Cool Coulter ready to let loose

NOT so long ago, Benny Coulter made his way down to Dublin to collect a player of the month award.

Cool Coulter ready to let loose

His trip down the M1 was occasioned by a superb performance against Donegal in the opening round of the Ulster championship, one in which he bent the game to his will the longer it went on.

He should have been basking in the glow of such a performance but, instead, his mind was a jumble of negative thoughts about the game he had adorned with such grace for the bones of 10 years.

“When I quit, that will be it,” he said.

“I will watch it on TV. Games are so bad nowadays that I don’t know why you would pay in to go watch matches way down the country when that’s what you are getting.

“Look at our teams in ‘91 and ‘94. They were all about all-out attack. I would love to have been playing then, but that’s the way the game has gone and we’re going to have to stick with it. Even ourselves this year, we are starting to play with eight or nine defenders.”

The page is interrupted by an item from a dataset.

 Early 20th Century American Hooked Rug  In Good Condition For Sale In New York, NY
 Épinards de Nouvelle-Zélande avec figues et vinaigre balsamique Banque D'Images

His mood was probably little better a few weeks later when Down were squeezed to death by a machine-like Tyrone team in the provincial semi-final after a sublime opening quarter of attacking football from James McCartan’s men.

And yet, here Down are, 70 minutes away from a first All-Ireland appearance since men like McCartan, Mickey Linden and Greg Blaney swept broad and beautiful brushstrokes across the landscape 16 years ago.

Feel better about things now, Benny?

“Oh, definitely. At the start of the year I didn’t think we were going to be in this position and I am going to be honest about it.

“James is a great manager and we were hoping to make great strides and we did.

“The way football was going at the time (of his earlier interview) there was a lot of negativity in the game but it is has opened up a bit now maybe. Kerry just seemed to play 15 on 15 and that was great for us. We were happy enough with that.”

He doesn’t see Kieran McGeeney’s Kildare following the same roadmap this weekend, not with McGeeney’s fellow Armagh man Aidan O’Rourke standing beside him all year, whispering in Geezer’s ear.

“Aidan O’Rourke has worked with Queen’s and he has them set up in a certain style that will not let you play and if they win the game they will be happy enough. They will do whatever it takes to win the game.”

Coulter has seen enough of McGeeney to know that. The pair met rarely on the field for their counties but the Kildare manager was captain of an Irish International Rules side containing Coulter in 2005.

“He was a great man, a great leader,’’ Coulter recalls. “He is down to earth and a bit of crack about him but he is very driven and the Kildare lads will be ready to come at us.”

Rightly or wrongly, Kildare have been compared to the Tyrone and Armagh sides of recent years when those counties were operating at their peak and Coulter has certainly detected an air of relentlessness in their approach.

The glow of victory over Kerry was still warm when he switched on the TV 24 hours later to watch Kildare’s last-eight clash with Meath and he was struck by the winners’ ability to keep their heads despite an awful start.

“They looked good. They never panic and they are strong on the ball. John Doyle is a great player. They started off slowly, 1-3 to a point down, and that was what impressed me most about them – they never panicked. They stuck at it. They obviously have a game plan and that’s what they do.”

Coulter’s own situation is more fluid. In that game against Donegal in May he was back helping out his defence as often as he was claiming or setting up scores and it remains to be seen whether he will start in the half-forward line or closer to goal.

He doesn’t mind, one way or another. He will be expected to have a major say, either way, but the days when he was expected to shoulder most of the burden for raising flags is at an end. Or so he would have it.

“When you look at it over the years, Danny (Hughes) has done a lot of the scoring too. You have Marty (Clarke) back now, John (Clarke) too, Paul McCumiskey is starting to come into how own and Mark Poland too.

“There is a good spread of scorers and you have a few boys in the half-back line who play up front with their clubs that can knock the ball over the bar, and then there is Ambrose (Rogers) as well.”

Rogers, as we know now, will almost certainly sit this one out.

Coulter should give him something pleasing to watch.